I agree that what happened to Shahar Peer is awful and should have consequences. But what in the world is Congressman Anthony Weiner getting involved in the whole situation for? Do we not have enough going on here domestically he should be worrying about?
-- Josh, Denver

Oh yeah. You must mean that whole economic meltdown thing. "I've been a little distracted from the stimulus business because, you see, an Israeli tennis player was denied a visa to a tournament in the UAE."

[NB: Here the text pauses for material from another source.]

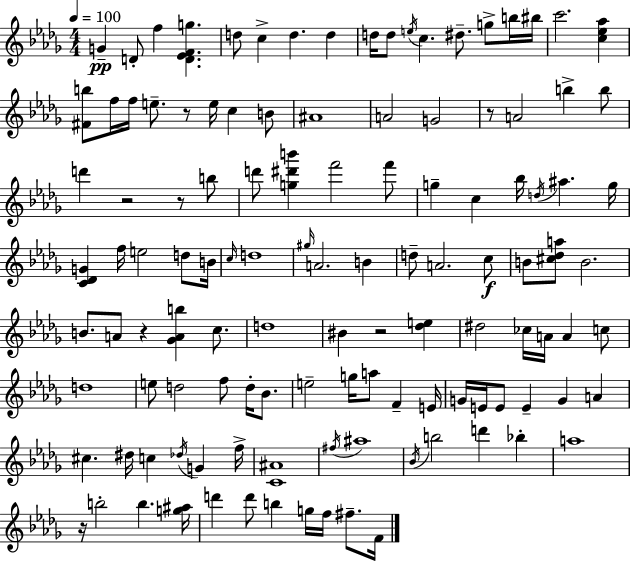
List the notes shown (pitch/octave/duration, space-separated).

G4/q D4/e F5/q [D4,Eb4,F4,G5]/q. D5/e C5/q D5/q. D5/q D5/s D5/e E5/s C5/q. D#5/e. G5/e B5/s BIS5/s C6/h. [C5,Eb5,Ab5]/q [F#4,B5]/e F5/s F5/s E5/e. R/e E5/s C5/q B4/e A#4/w A4/h G4/h R/e A4/h B5/q B5/e D6/q R/h R/e B5/e D6/e [G5,D#6,B6]/q F6/h F6/e G5/q C5/q Bb5/s D5/s A#5/q. G5/s [C4,Db4,G4]/q F5/s E5/h D5/e B4/s C5/s D5/w G#5/s A4/h. B4/q D5/e A4/h. C5/e B4/e [C#5,Db5,A5]/e B4/h. B4/e. A4/e R/q [Gb4,A4,B5]/q C5/e. D5/w BIS4/q R/h [Db5,E5]/q D#5/h CES5/s A4/s A4/q C5/e D5/w E5/e D5/h F5/e D5/s Bb4/e. E5/h G5/s A5/e F4/q E4/s G4/s E4/s E4/e E4/q G4/q A4/q C#5/q. D#5/s C5/q Db5/s G4/q F5/s [C4,A#4]/w F#5/s A#5/w Bb4/s B5/h D6/q Bb5/q A5/w R/s B5/h B5/q. [G5,A#5]/s D6/q D6/e B5/q G5/s F5/s F#5/e. F4/s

Jon, on the Peer/UAE issue, does Shahar have any recourse to demand the WTA give her some cut of "expected earnings" or at least ranking points?
-- Rich Neville, Newbury, England

As it turned out, the WTA shrewdly pre-empted this and awarded Peer 139 rankings point and $44,250 (the average prize money she earned per tournament last year). Still, this would be a great topic for a law review article. Would Peer have otherwise had any remedy to recover lost earnings? Speaking of which, here's an interesting issue raised by a reader who asked to remain anonymous:

"More a comment than a question. WTA cave-in to the Peer-Dubai situation may well have violated the U.S.' antiboycott export regulations, formerly referred to as the "Arab Boycott." As a U.S.-organized entity with global HQ in Florida, the WTA is deemed to be a U.S. "business" and has been complicit with an illegal demand under the regulations by a foreign "buyer" -- for example, we love your product and want to buy it, but request/demand that you replace part No. 48 that we know is made in Israel.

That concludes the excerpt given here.